### TASK PROMPT
Your output should be the lines from the one containing "The next step" through the last line below, both ends included, exactly as written and free of pictures.

### DATA PROVIDED
BEGIN

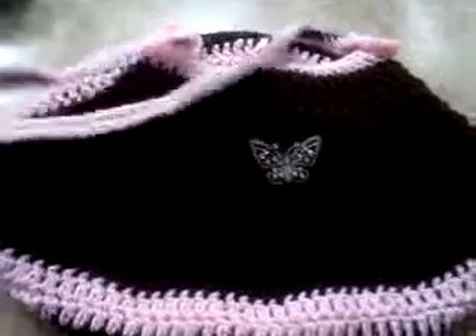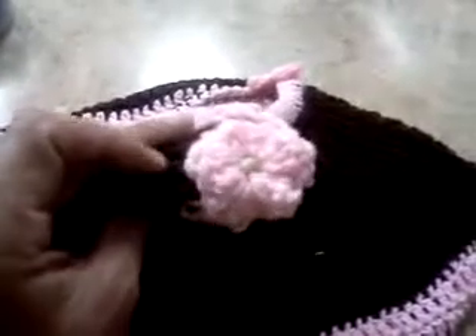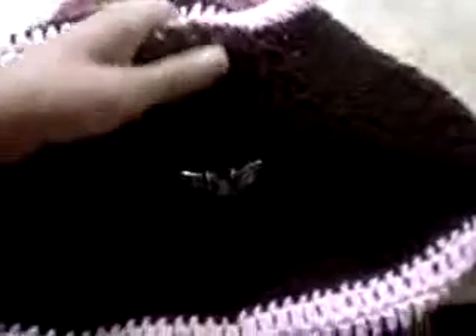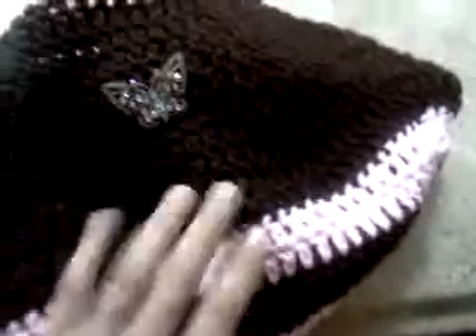it's just Worsted Weight Yarn, number 4, and it's Red Heart. I just made some flowers and put a shell in the center as embellishment, and a little butterfly, and it's pink and brown. It's a really big bag.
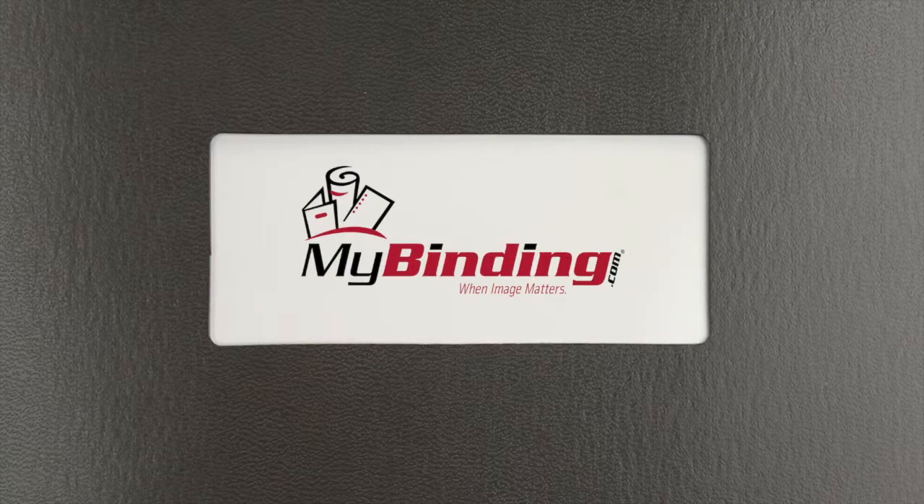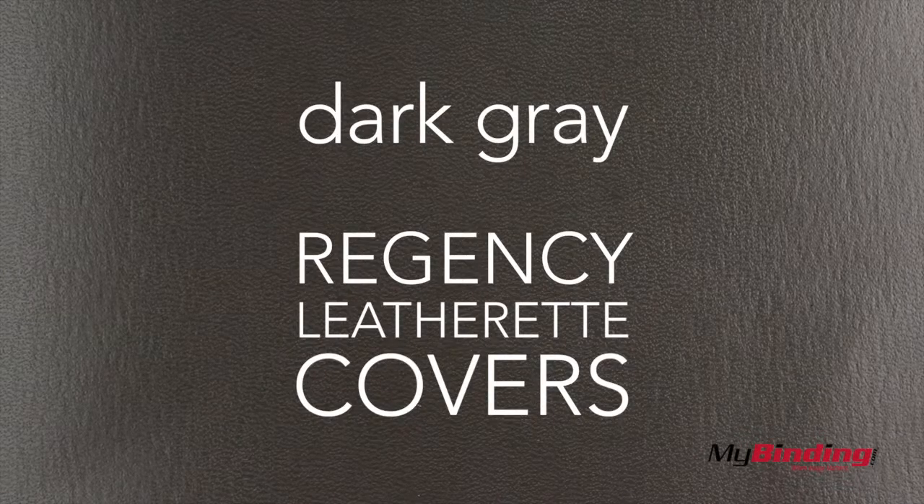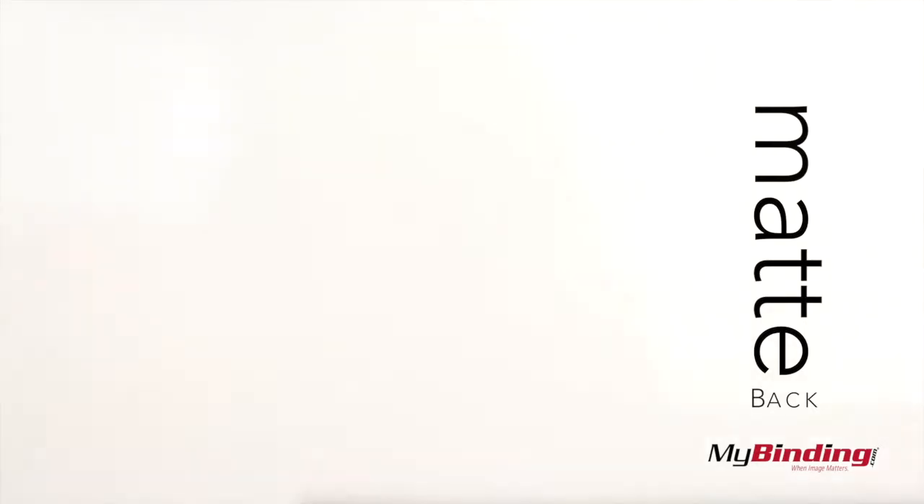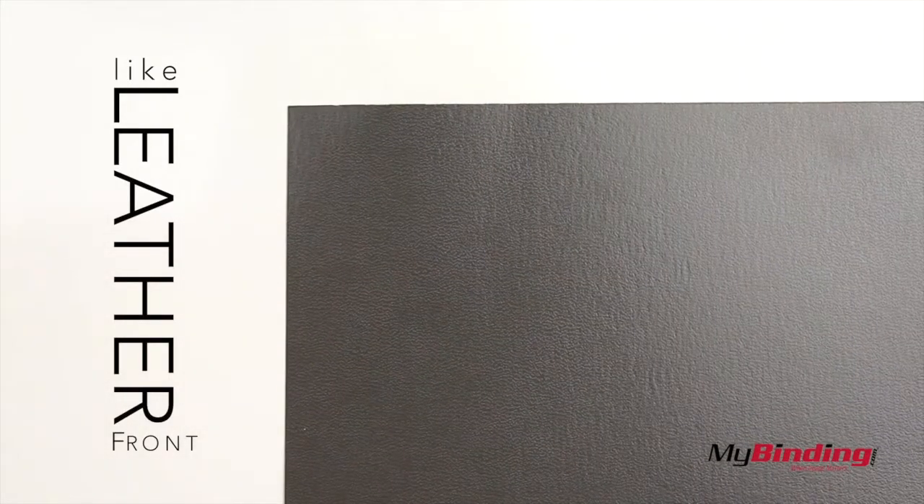Welcome to MyBinding video. These are Dark Grey Regency Leatherette Covers. They're made to protect your books, available in a variety of different sizes. The back of the cover has a matte texture, while the front has a look of leather.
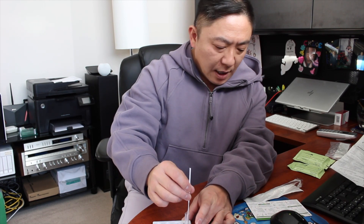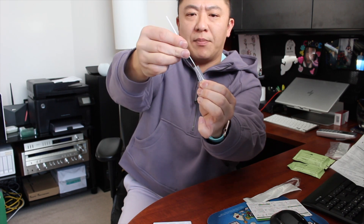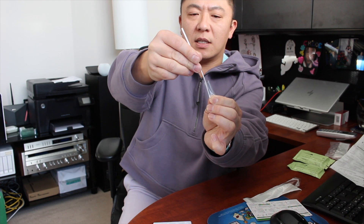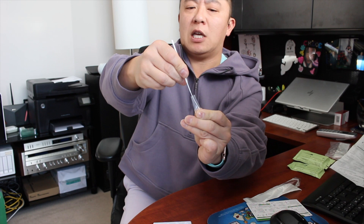The next step is to insert the swab into the reagent solution and swirl it to mix the secretions into the solution. I'm spinning that around and giving it a good mixing. I'm squeezing the soft test tube to get the solution all around the swab tip, making sure the solution is fully saturated with the material from the nasal swab. Applying pressure to the swab tip to maximize extraction.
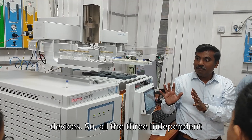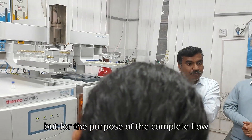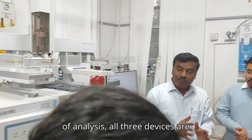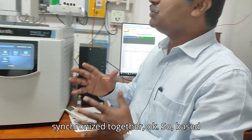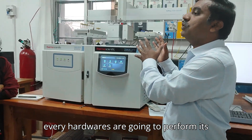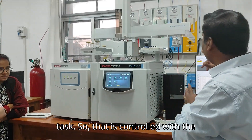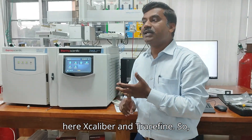All three indicated devices can be controlled in the machine, and for the purpose of complete GC analysis, all three devices are synchronized together. Based on the electronic signals, each and every hardware starts — and that is controlled in the software. The software you have here is Excalibur and RASPINE.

END

### ANSWER SECTION
The next step is to insert the swab into the reagent solution and swirl it to mix the secretions into the solution. I'm spinning that around and giving it a good mixing. I'm squeezing the soft test tube to get the solution all around the swab tip, making sure the solution is fully saturated with the material from the nasal swab. Applying pressure to the swab tip to maximize extraction.
All three indicated devices can be controlled in the machine, and for the purpose of complete GC analysis, all three devices are synchronized together. Based on the electronic signals, each and every hardware starts — and that is controlled in the software. The software you have here is Excalibur and RASPINE.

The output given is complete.